How seriously should we be
taking these allegations?
MARK SHIELDS: I think
they're enormously serious.
And the fact that The Wall
Street Journal is leading
this story, along with The New
York Times and The Washington
Post, but this is not false or
fake news or anything of the
sort.
It's not a political
vendetta of any sort.
And this is quite beyond a
Playboy model or a frat party at
an Ivy League school or anything
of the sort.
This is really serious.
This is totally exploiting
the national security,
putting at risk the
national security of the
United States for narrow
political, personal
interests, if, in fact,
the reports are true.
And I guess the most
disturbing thing to me,
Judy, was the president
accused the whistle-blower,
who, at enormous risk, and
it required considerable
courage, of being an
extreme partisan, which
means, A, that somebody
in the White House knows
who the whistle-blower is.
This is mafia-like threats.
We know who you are.
And they have investigated
his political affiliation or
her political affiliation.
I mean, so, I think
it's enormously grave.
JUDY WOODRUFF: And, in fact,
the president - - David, the
president was saying today to
the television cameras that
people in the White House
were making fun of all this.
Are we looking at something
where it's going to
be a he said/he said
situation going forward?
DAVID BROOKS: Well, presumably,
the call was listened to
by others and recorded.
So, I'm not sure it was
recorded, but it was
certainly listened to.
These calls are not -- it's
not just a one-on-one call.
There's people on the line.
You know, I think
it is pretty grave.
Most presidents go into the
White House thinking, I'm here
to serve the office, I'm here to
serve America.
Donald Trump is using America
to serve him and American
foreign policy to serve him.
And most presidents go into
the office thinking that the
phrase my fellow Americans means
something and that we have
greater loyalty to our fellow
Americans than we do the people
in outside countries.
And he's basically using
another country to be oppo
research on his fellow American.
And I think this rises
to more a level -- I'm
not sure this really is
foundationally changing,
but it rises to a different
revel, if there's a connection
between the foreign aid and the
promise.
JUDY WOODRUFF: Right.
DAVID BROOKS: That really
is using -- suborning
U.S. government money
for your own private
gain.
And that's clearly
corruption of a high order.
JUDY WOODRUFF: And, as
both of you are saying,
Mark, we don't know for a
fact that this happened.
But the evidence is
now building, the
reporting is building.
And there are two strands.
It is urging the leader of
another country to get involved
in a political campaign, but
then the quid pro
quo, potentially.
MARK SHIELDS: No, exactly, Judy.
To say, look, be in touch with
my Dr.

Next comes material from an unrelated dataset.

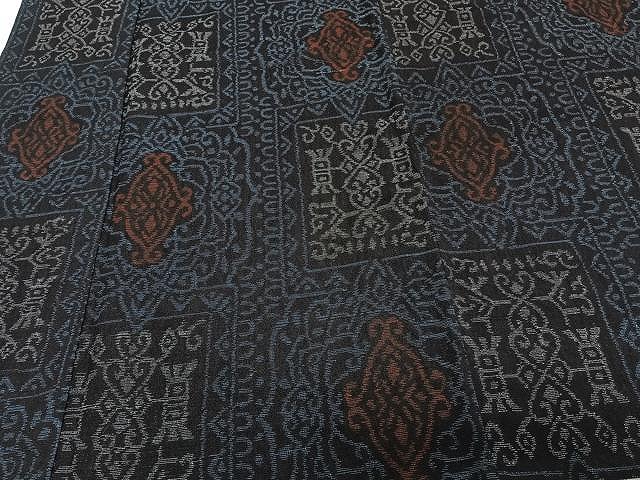 平和屋着物▽上質な紬 単衣 ちぢみ織り 花唐草文 正絹 逸品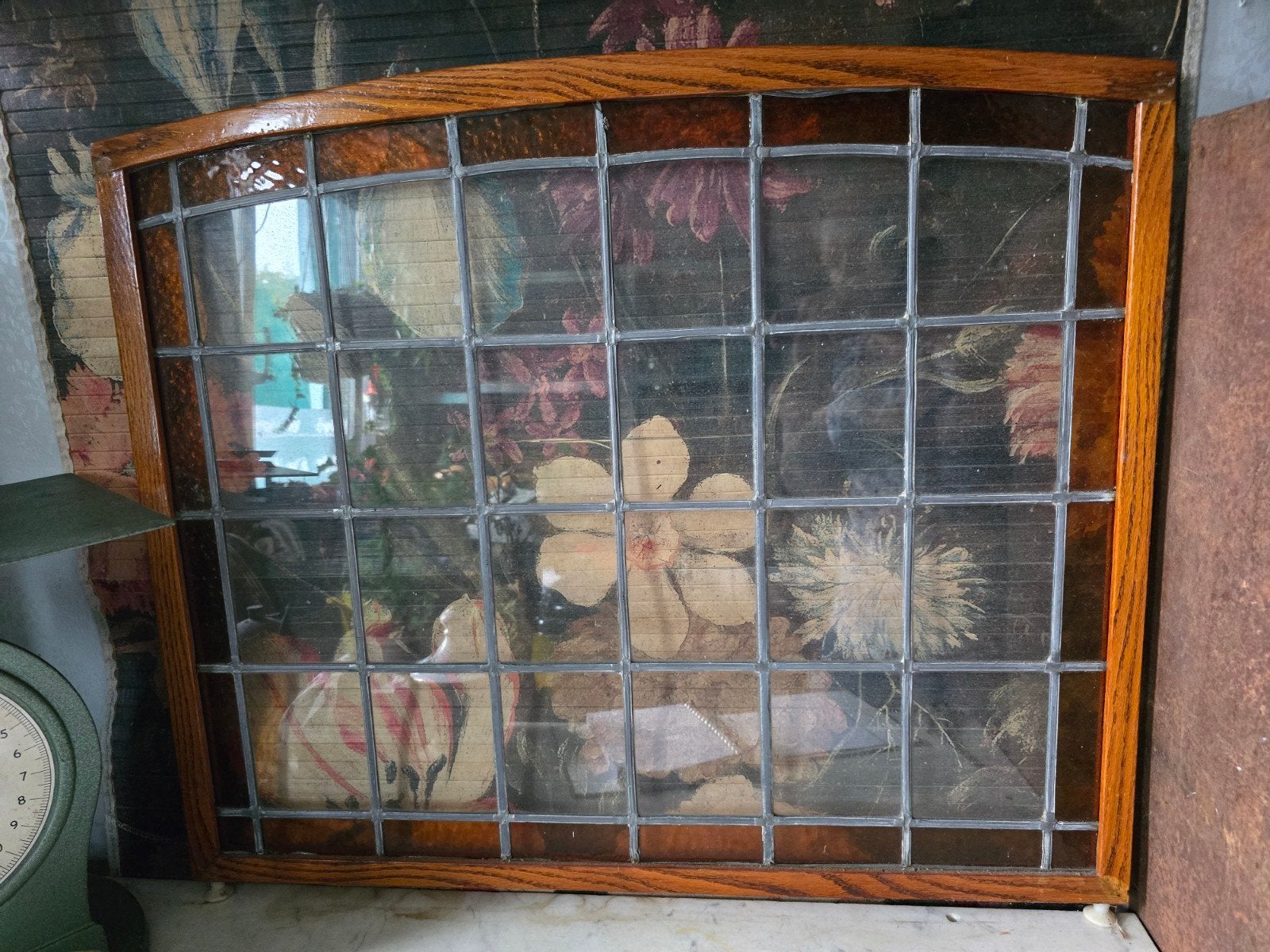 Oud glas in lood raam, Ophalen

Dirt, my oppo research
guy, who once was America's
mayor and is now
doing smear jobs.
JUDY WOODRUFF: Rudy Giuliani.
MARK SHIELDS: Rudy Giuliani.
How the mighty have fallen to
that point where he's an errand
boy to be a hit man on political
opponents.
No, David put it very well.
I mean, this is a total, total
corruption of the -- if it's
valid and if it's accurate
- - and I think that the news
reports are done very soberly,
quite honestly, because they
take their position --
their mission seriously.
If it's true, Judy,
then I don't see how the
Democrats can back off on
impeachment investigation.
JUDY WOODRUFF: And I want to
ask you about that because
this week, David, as both of
you have pointed
out, the president's
lawyers were in court.
They were arguing against a
New York lawsuit, an attempt to
get the president's tax returns
to be turned over,
to be made public.
And the president's lawyers are
saying you can't investigate a
president while he's sitting
in office.
What we're learning today in
these reports about Ukraine
raise questions about that.
DAVID BROOKS: Yes, this was
the Nixon defense with David
Frost, that, if a president does
it, it's not illegal.
And it didn't work for Nixon.
I'm not sure it
would work for here.
I mean, a basic principle
of our government is that
no person is above the law.
And so I don't think
that will work.
I am struck -- I do think, if
there's a link to the foreign
aid, the Democrats obviously
have to launch a different
and new investigation.
I'm struck mostly by,
when President Trump
does something out in the
open, or Rudy Giuliani
does something out in the
open, like, it doesn't
become a big thing.
Now that we have
something secret that
the press have uncovered,
suddenly, it blows up.
But Giuliani wasn't
shy about this.
And the fall of Giuliani is one
of the great stories of our age.
I covered him a lot when he
was mayor, extremely brilliant,
extremely sharp, not the man I
see today.
The one continuity is that he
would sit around with his staff
and watch "The Godfather" movies
over and over again.
MARK SHIELDS: Wow.
DAVID BROOKS: And the
mob behavior -- this
really is mob behavior.
It's like, let's dig
up dirt on this guy.
That's the way it strikes
me, more than anything else.
JUDY WOODRUFF: Well, and, again,
Mark, with these -- with the
president's lawyers fighting
back, which they have
been -- they have been
fighting all these attempts
to get any information
turned over.
MARK SHIELDS: Right.
JUDY WOODRUFF: But this is
the first time we have heard
them argue a president can't
be investigated.
MARK SHIELDS: Can't
be investigated.
I agree with David
about the Nixon defense.
Nixon, of course, invoked
that defense in 1977, three
years after he had been forced
out, in an interview
with David Frost.
But no president -- he did
prove that, and by his own
statement and his own actions,
that no president
can be above the law.
And, no, I really think
the gravity of this is yet
to be fully appreciated.
JUDY WOODRUFF: The major --
other major story we're watching
very closely this week, David,
of course, is the -- in
the aftermath of the attack
on the Saudi oil complex
and the administration
pointing fingers immediately
at Iran, although, so far,
we don't have absolute proof.
I'm told there's just been
a press conference at the
Department of Defense.
The defense secretary,
Esper, is saying everything
we have now points to Iran.
President Trump's response
has been first to talk about
being locked and loaded and
we could do whatever we wanted
to Iran, but, on the other
hand, today and at intervals
this past week, saying, no,
that's not what we want.
We don't want war with Iran.
What do we make of
this American response?
DAVID BROOKS: Yes.
Well, you know, this
happens in the Middle East.
And all arrows do point to Iran.
I mean, Iran has been clearly
ramping up their terror activity
toward the Saudis over the
last several months with a
bunch of these missile attacks.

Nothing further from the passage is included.